Agri-Access recently rolled out a niche product called the RuraLiving Home Mortgage Program and are looking for correspondent partners in all 50 states. RuraLiving offers 15 or 30 year fixed rates for hobby farm properties that typically do not conform to traditional secondary market financing, and rates are typically 50-60 bps over conforming. Eligible properties are 5-160+ acres, allow Schedule F income, outbuildings and distant comps. Agri-Access will be at booth #126 at the MBA Conference Expo in Las Vegas to further explain the program. If you would like to schedule a meeting during the conference to discuss this unique correspondent opportunity, please contact Matt Morrow.

 

As a reminder, this commentary doesn’t focus entirely on residential lending. In fact, today we have additional commercial lending jobs which seem pretty interesting. Sabal Financial, LLP, a Newport Beach, CA based organization continues to expand its wholesale commercial real estate term lending platform, run by Len Israel.   Specializing in the origination of small balance ($1 – $10 million) loans on stabilized properties nationally through its extensive broker network, Sabal seeks to fill the following positions:  Broker Sales Representatives (nationwide), Area Managers  (North Central and Mid-Atlantic),  as well as Loan Analysts (located in Newport Beach, CA) to support the company’s rapid growth.   The Company has created a proprietary, innovative web-enabled technology that incorporates real-time, risk-based pricing and deal management functionality for both brokers and their clients. Sabal currently manages over $7.4 billion in CRE assets worldwide, encompassing all property types and is rated by both Morningstar and Fitch as a Primary and Special Servicer.   For more information on career opportunities with Sabal, please send your inquiries and resumes to Kelly Garriott.

 

Companies are hosting large events for employees and potential employees. For example, American Pacific Mortgage just hosted their biannual 2014 Fall Sales Summit (“OWN THE DAY”) yesterday in Seattle WA to rave reviews! The next event is Wednesday October 15th in Anaheim, CA at the Hyatt Regency Hotel.  Since the company’s inception in 1996, the Summits have grown to an attendance of approximately 750 branch managers, originators and guests amongst three regional venues. This year’s events are planned to deliver valuable insight and inspiration, with an impressive lineup of guest speakers. The Anaheim Summit speakers will include industry experts, best-selling author Kevin Hall, as well as an inspirational message from Dodger Steve Sax. The Summits are an incredible opportunity to hear from APM’s CEO, Kurt Reisig and President, Bill Lowman as they share insight on what’s next for APM. See why over 350 originators have joined American Pacific Mortgage over the last 12 months and register for APM’s “OWN THE DAY” Summit by simply emailing Mike Haden.

 

Congrats to Tim Yanoti. American Financial Resources, Inc/eLEND announced his hiring as president/Board Member. “Tim brings a wealth of experience and knowledge from a 25 year career in the business, most recently as Head of Securitization for Fannie Mae. Tim will be focusing on the growth initiatives of AFR as the industry shifts to a more private capital intensive landscape.”

 

Recently the commentary mentioned layoffs at Shelter Mortgage, and I received this note from Brian Simon with New Penn. “I wanted to respond to something you printed regarding New Penn and our recent acquisition of Shelter Mortgage.
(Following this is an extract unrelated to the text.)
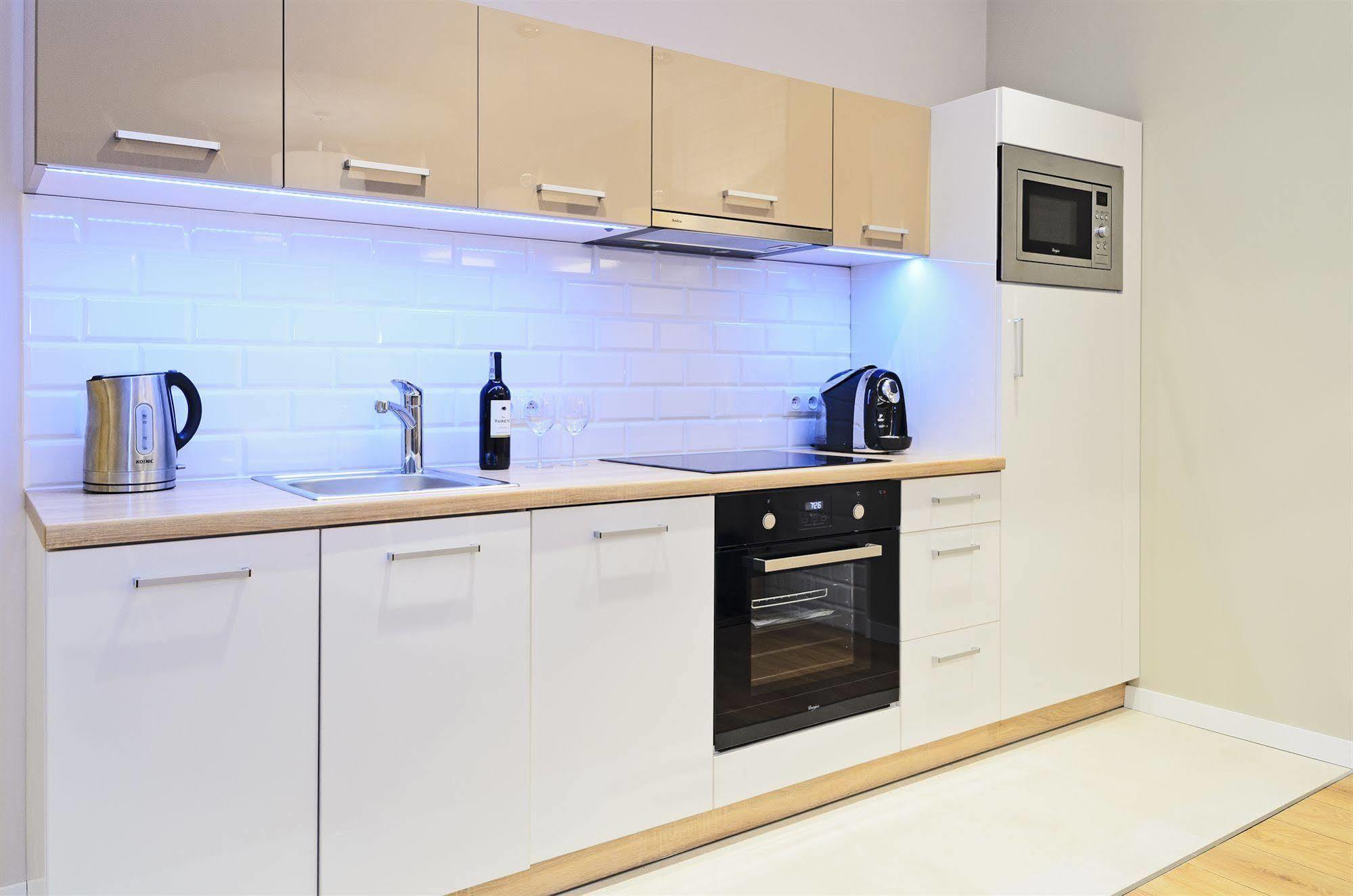 Apartments Wroclaw - D&C Aparthotels Buitenkant foto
We acquired 63 locations and nearly 350 FTE with this Shelter Deal, and the downsizing that occurred in Milwaukee was primarily corporate support positions, and represented only one location and less than 20% of the workforce (64 FTE). We are actually hiring employees in some of the other locations, and look forward to the Shelter group being a vibrant and growing part of our organization.”

 

Hiring or firing, banks are finding their lending is about to come under further scrutiny by the Fed. US regulators have started to audit Wall St loan books on a monthly basis in an effort to curb aggressive underwriting. “Monthly audits mean the regulators can tell the banks to stop right there and then, and tell them the consequences if they don’t”. Regulators could lower the CAMELS rating of a bank if it doesn’t listen to lending guidance.

 

NAMB reported that it met with the CFPB to discuss mortgage brokerage compensation, the 3% cap on points and fees, as well as loan origination compensation. “The CFPB provided excellent industry insight and guidance into several of the key areas plaguing mortgage originators and mortgage brokerage entities. It is obvious the CFPB is a data driven organization and NAMB is determined to show them that the mortgage broker model is extremely effective in mitigating upfront costs for consumers. We are also determined to show them that thousands of small businesses are being adversely impacted due to the limitation on entity revenue.” NAMB has produced a survey for originators to take.

 

Speaking of the CFPB and communication, it had another webinar on the TILA-RESPA Integrated Disclosure rule and a recording of the webinar is now available. Check out the video of the webinar. (“Please note that registration is required to view the recording.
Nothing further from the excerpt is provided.